Es ist natürlich befremdlich, ein Restaurant wie das Haus Stemberg, das sich seit 150 Jahren im Familienbesitz befindet als ein neues Restaurantkonzept zu titulieren. Hierzu eine kleine Erklärung. Es geht in diesen Reihen nicht um neue Restaurants, sondern um neue Konzepte. Es geht auch nicht darum den Erfinder des neuen Konzepts vorzustellen, sondern ausschließlich darum, einen Gastronomen vorzustellen, der ein neues Restaurantkonzept umgesetzt hat und damit erfolgreich ist. Natürlich kann der Gastronom auch der Erfinder sein, das spielt hier aber eine untergeordnete Rolle. Wichtiger ist es zu durchleuchten, ob solch ein Konzept Sinn macht und ob man Teile davon oder das ganze Konzept adaptieren kann. 

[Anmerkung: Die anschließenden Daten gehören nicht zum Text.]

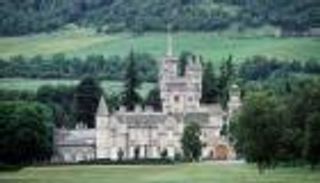 بعد رحيل الملكة إليزابيث.. هل يمكن للجمهور زيارة قلعة بالمورال؟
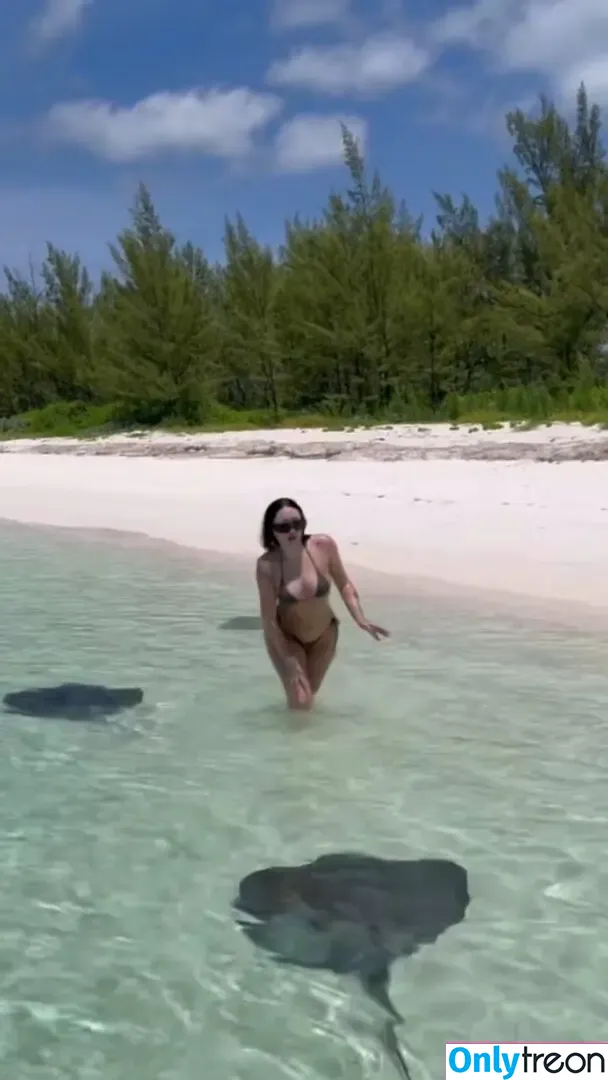 Noah Cyrus nude photo #0969 (noahcyrus)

In der gängigen Praxis findet man in der gehobenen Gastronomie oft Konzepte, bei denen zwei Lokale von einer Küche beschickt werden oder zumindest von einem Gastronomen aus zwei separaten Küchen bekocht werden. Wobei das eine meist das feinere und das andere das etwas robustere Programm ist. Oft tragen die beiden Lokale dann die Namen Restaurant und Bistro. Die Kombination ist sinnvoll und nachvollziehbar. Für Ruhm und Ehre sorgen die Restaurants und für Profit und Umsatz die Bistros. Zudem kann man in den Bistros nicht nur einfachere und preiswertere Produkte verarbeiten, man hat auch eine sinnvolle Verwertung der nicht ganz so edlen Teile. Das Mittelstück des Rinderfilets für die Tournedos im Restaurant, Filetspitzen für Stroganoff im Bistro. 

Das Konzept des Haus Stemberg geht einen anderen Weg. 

Ein Restaurant mit zwei Küchen. Jetzt ist mit den beiden Küchen nicht gemeint, dass man die Vorspeise aus einer anderen Küche schickt als den Hauptgang. Architektonisch sind die beiden Küchen in einem Raum, es werden nur zwei verschiedene Küchenrichtungen angeboten. Deshalb proklamiert das Haus Stemberg dieses Konzept selber als „zwei Küchen von einem Herd“ Konzept, was die Sache griffig umschreibt.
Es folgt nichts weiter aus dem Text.